I HAVE A FRIEND WHO always opens a bottle of wine when I pay him a visit. We then sit in his living room, which is stuffed with books and boasts a view of the busy downtown district, and we talk about everything. In the background of our wandering conversation--which lasts for two or three bottles of wine and some slices of cheese--there is always a slow and moody rock song playing.

It's hard to describe this music; it's beautiful in a fatigued way, as if the world was over and all that remained was this exhausted pop star and her half-hearted attempt to entertain the survivors. Inevitably, I ask my friend what's playing. He tells me it's so and so from Portland or Seattle, and I grab a scrap of paper and write down the name of the band, pleased that soon I, too, will possess this piece of exhausted music.
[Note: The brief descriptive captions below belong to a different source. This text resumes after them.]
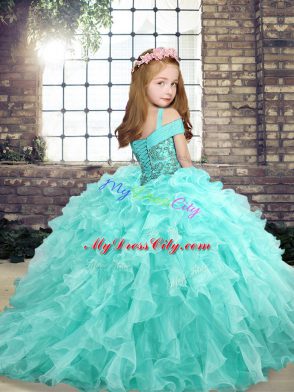 Attractive Lavender Straps Neckline Beading and Ruffles Kids Pageant Dress Sleeveless Lace Up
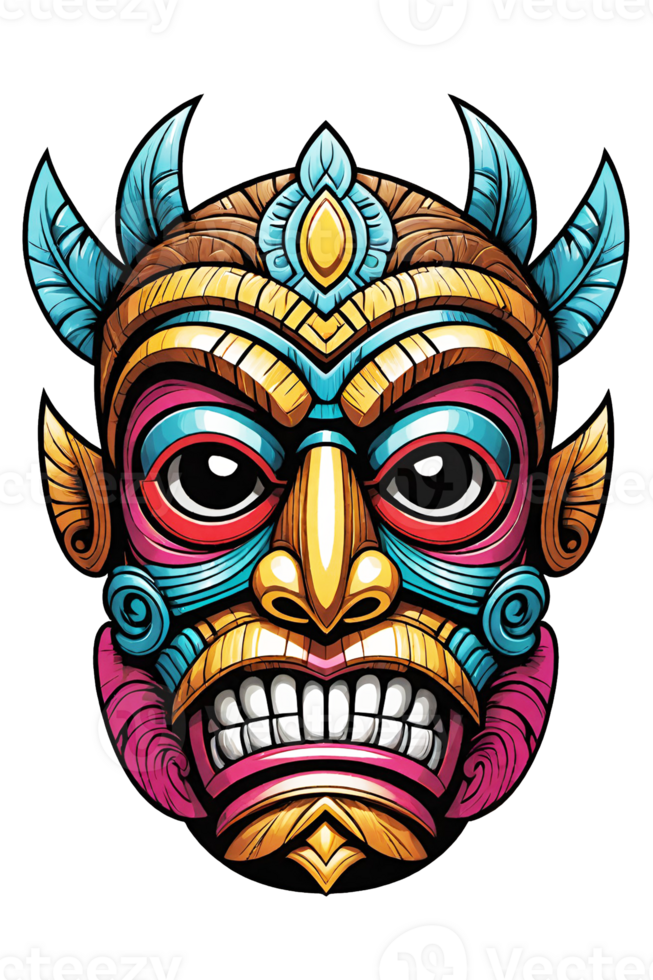 ai generado tiki tribal máscara con étnico adornos diseño en transparente antecedentes png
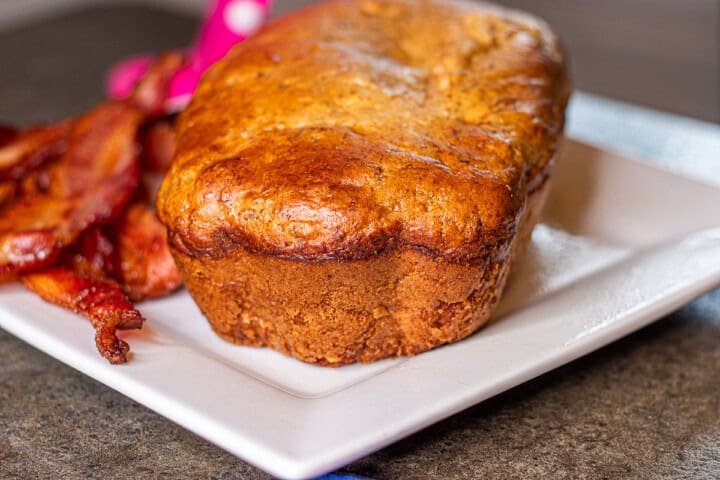 Loaf of banana bread on a plate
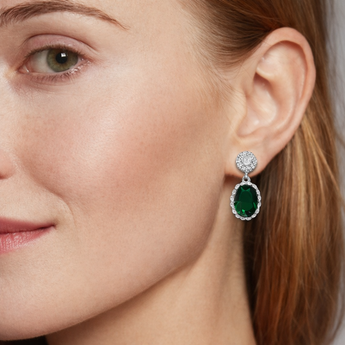 925 Sterling Silver Oval Emerald Cubic Zirconia Fancy Drop Earrings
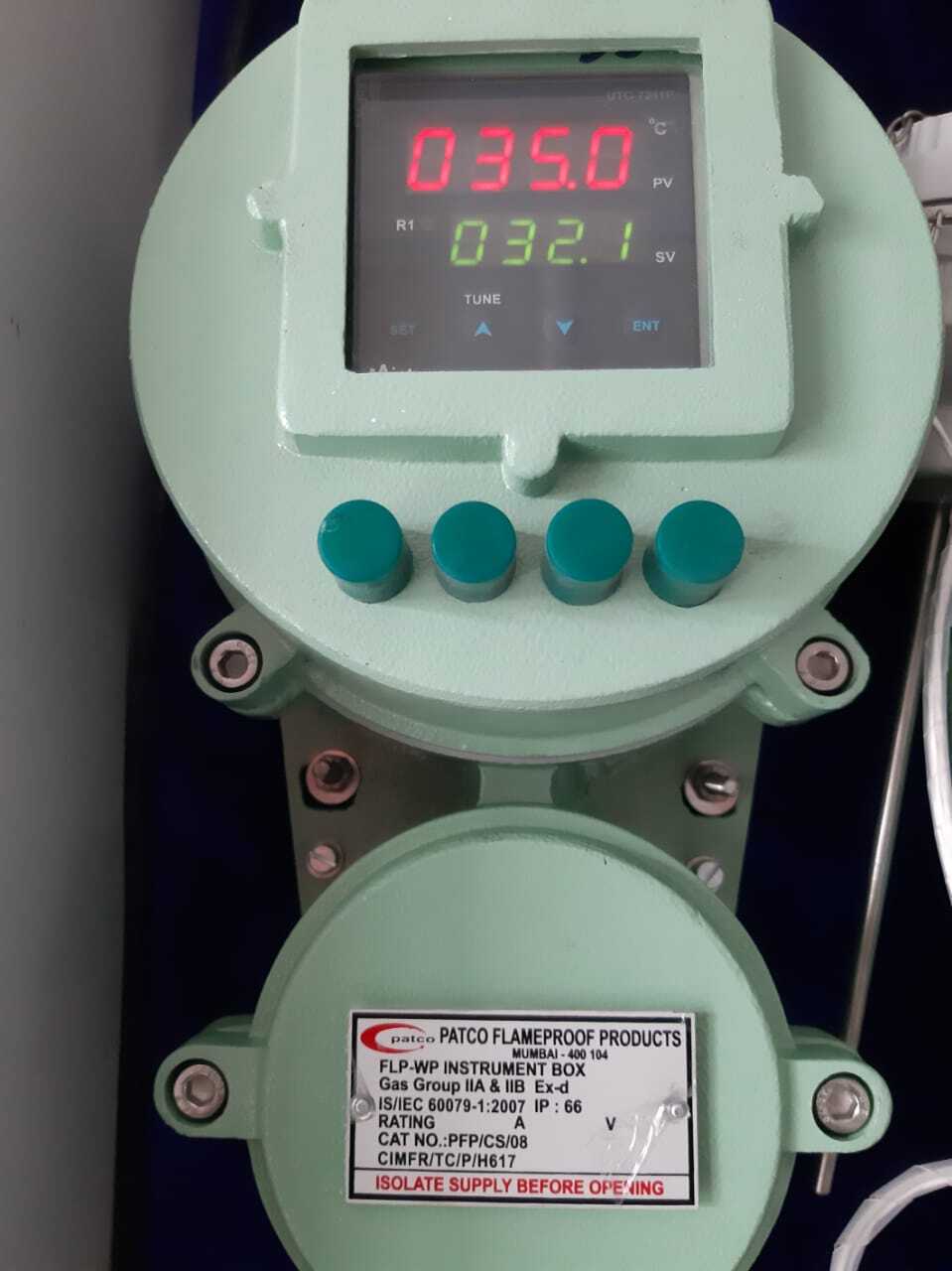 Flameproof Temperature Controller 72 X 72mm - Digital Display, Glass Window, Ip65 Rated, High Accuracy, Easy Installation, Durable, Reliable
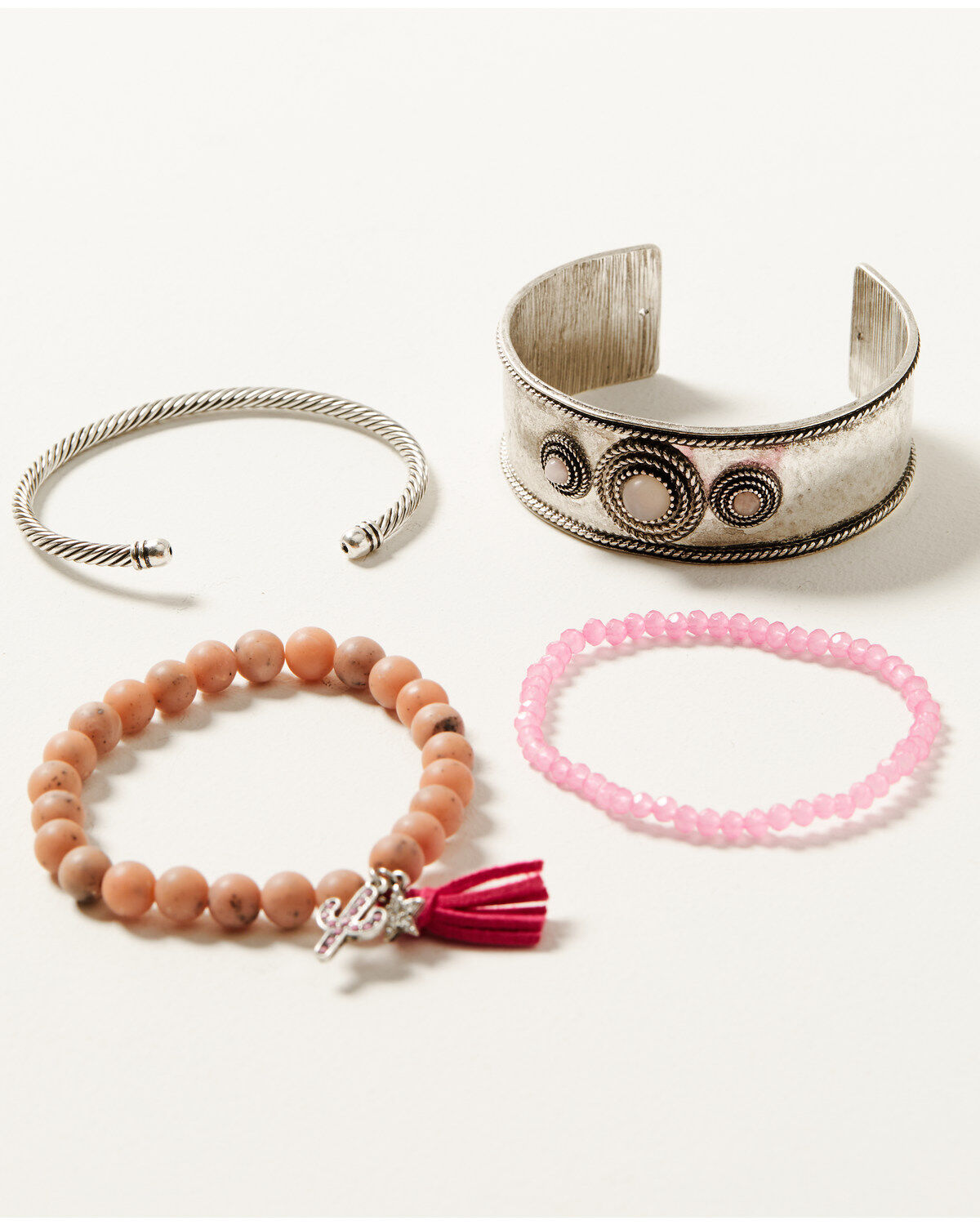 Image #1 - Shyanne Women's Mixed Bead Cactus & Cuff Bracelet Set - 4-Piece, Pink, hi-res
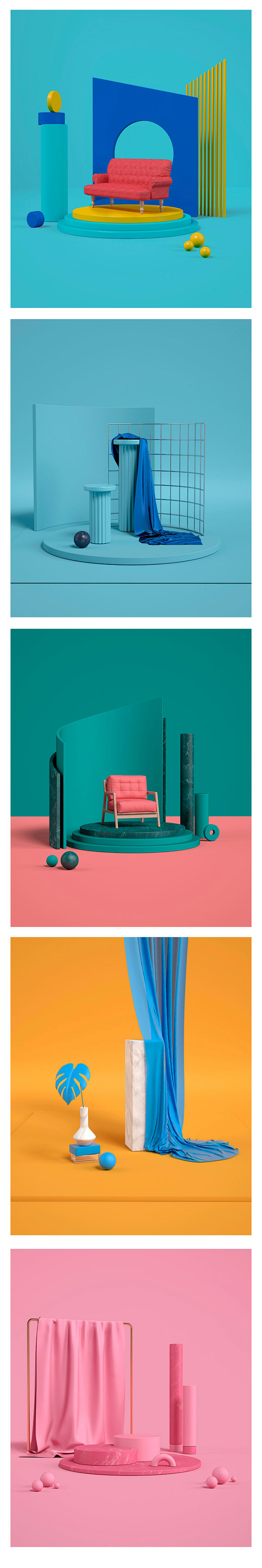 高端C4D风导PSD设计素材3D空间立体...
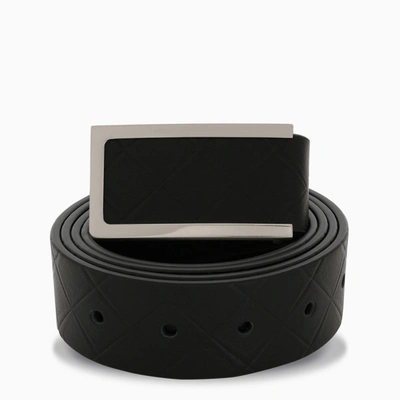 Bottega Veneta Rectangular Buckle Belt In Black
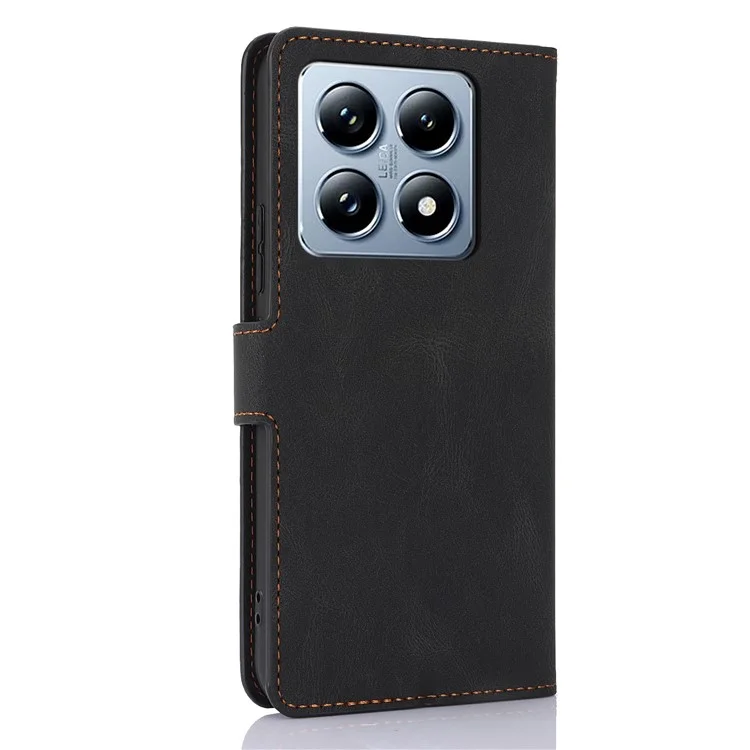 Für Xiaomi 14T Hülle PU-Leder Handyhülle mit Wallet Stand View - Schwarz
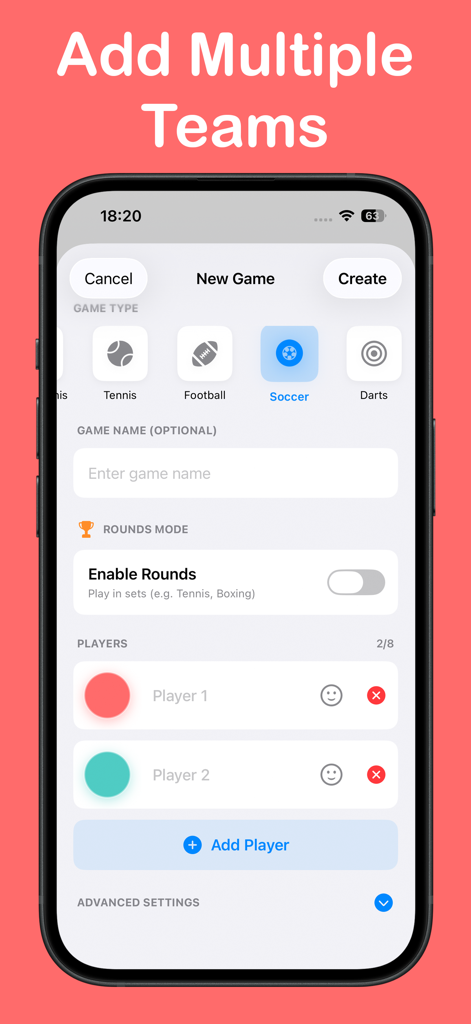 Scoreboard - Score Counter - The setup screen for a new match in the Scoreboard app showing player creation and game type selection.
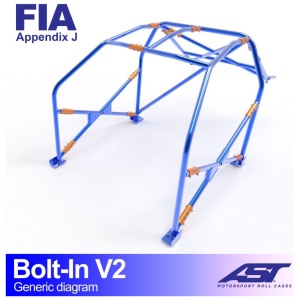 Bolt-in BMW 2002 V2 rolkooi van AST Roll Cages voor de BMW 2002 E10 Coupé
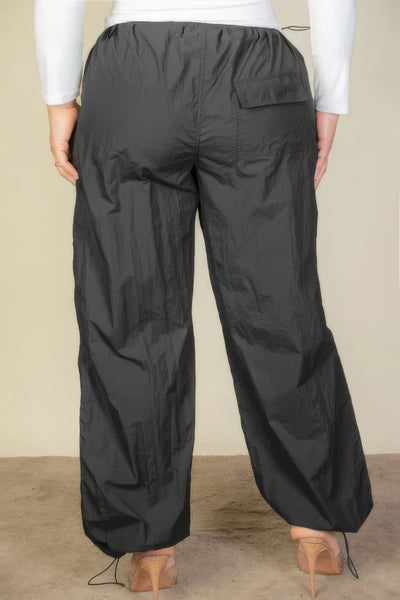 Plus Size Drawstring Parachute Pants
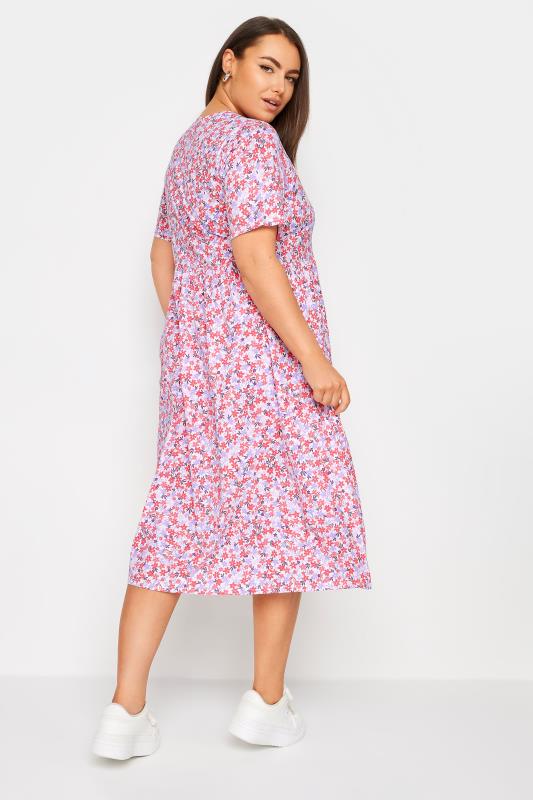 YOURS Plus Size White & Pink Ditsy Floral Pure Cotton Midaxi Dress | Yours Clothing 3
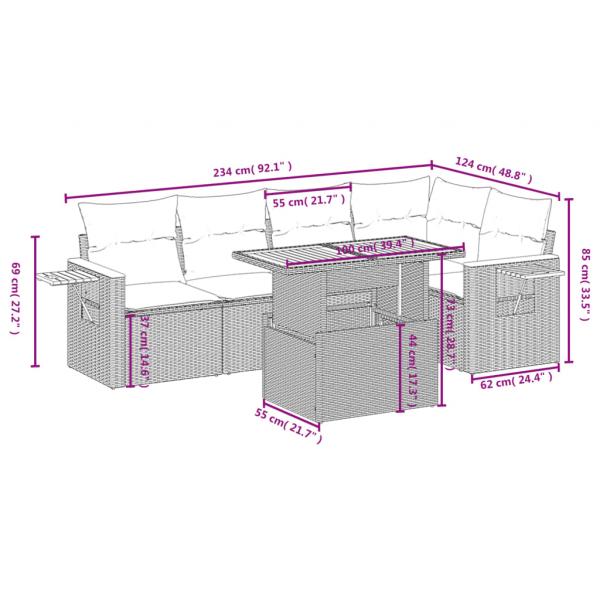 6-tlg. Garten-Sofagarnitur mit Kissen Beige Poly Rattan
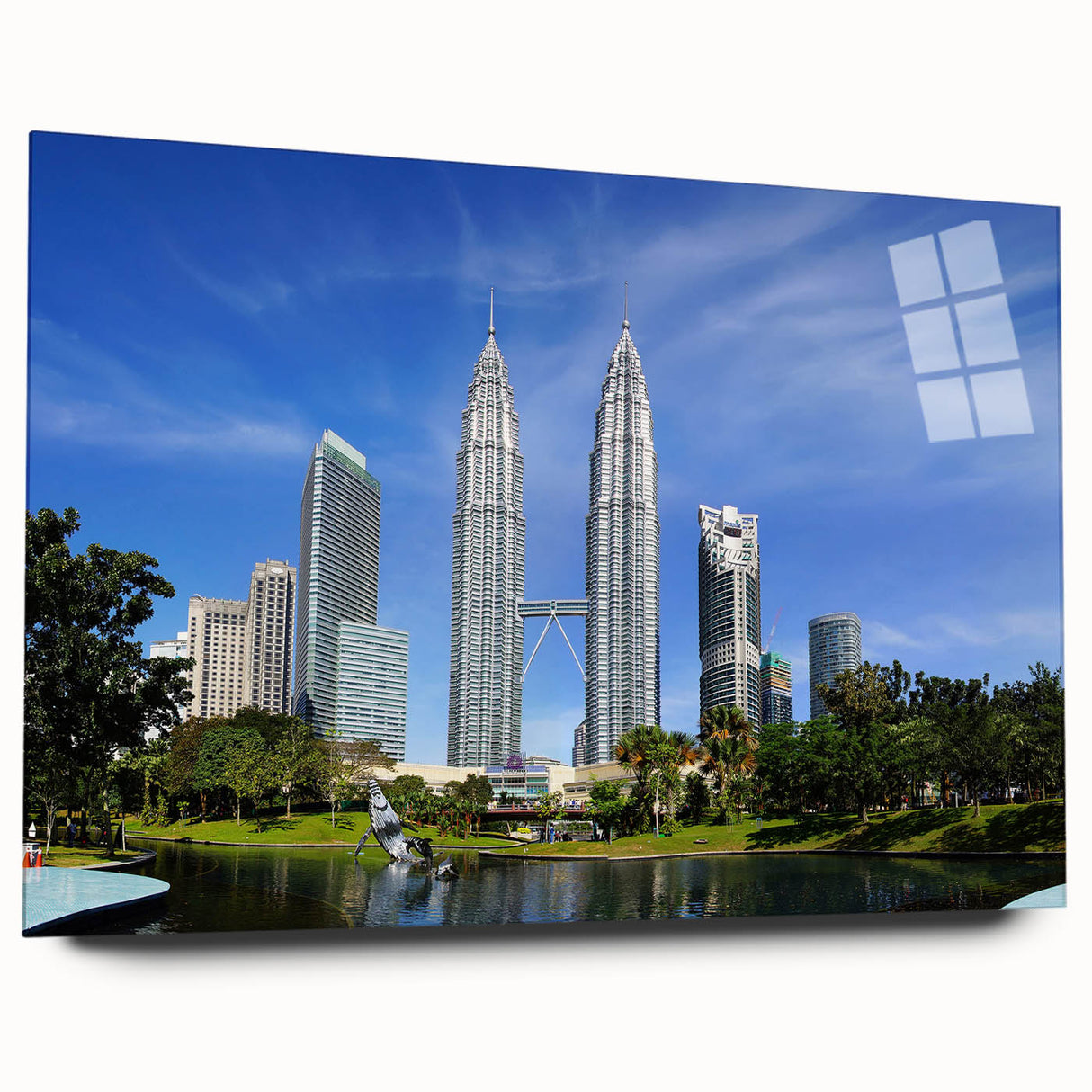 Large abstract wall art of a Malaysian landscape in muted earth tones on acrylic glass.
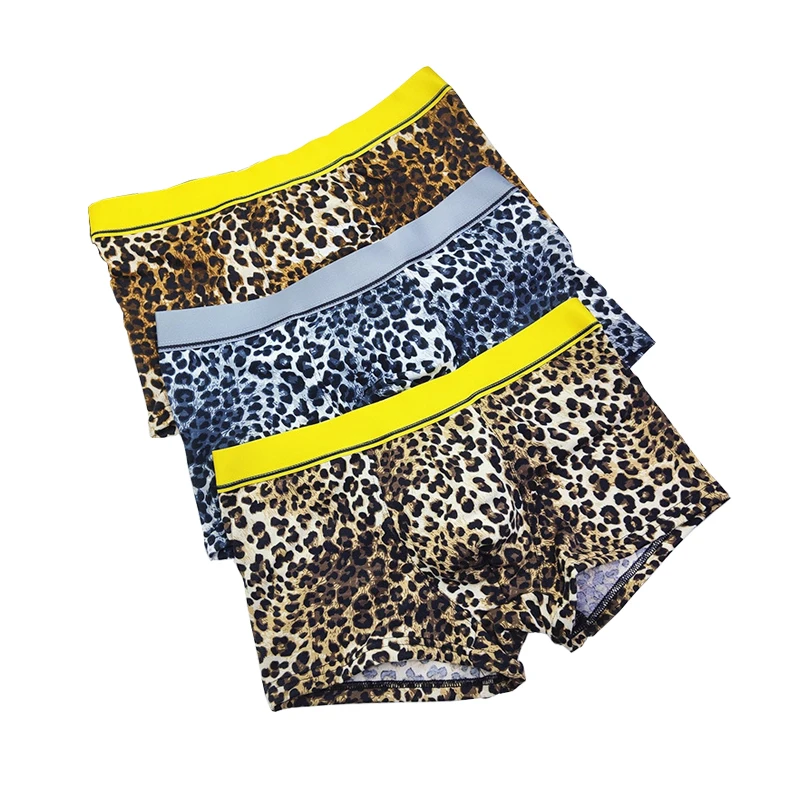 

3 color Leopard Dot Men Sexy Boxer Soft Romantic Underwear Homewear Pouch Bag Panties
But somehow I always manage to lose the scrap of paper. It's all a blur. We were drinking wine, after all.

When I first listened to the new Duster EP, 1975, in our music editor's office, it immediately brought to mind that excellent exhausted rock. And when I later played it at home, I was very pleased. It's slow, clumsy, after-hours mode went perfectly with the wine and the expensive goat cheese I laid out on my living room table. Though grounded in rock, Duster's EP experiments with the beeps and tweaks of what seem to be used electronic toys or gadgets, but these noises don't make them sound a bit futuristic--just more wasted, more exhausted.

And their vocals also sound exhausted, as if to say, who cares? Everything has been said. Everyone has said I love you, everyone has said I hate you, everyone has said we are angry, everyone has said we are happy. Forget about it; all that matters now is just the sound of things, not their meaning.

Oh, how happy I am to have found this silly little EP--or is that just the wine speaking?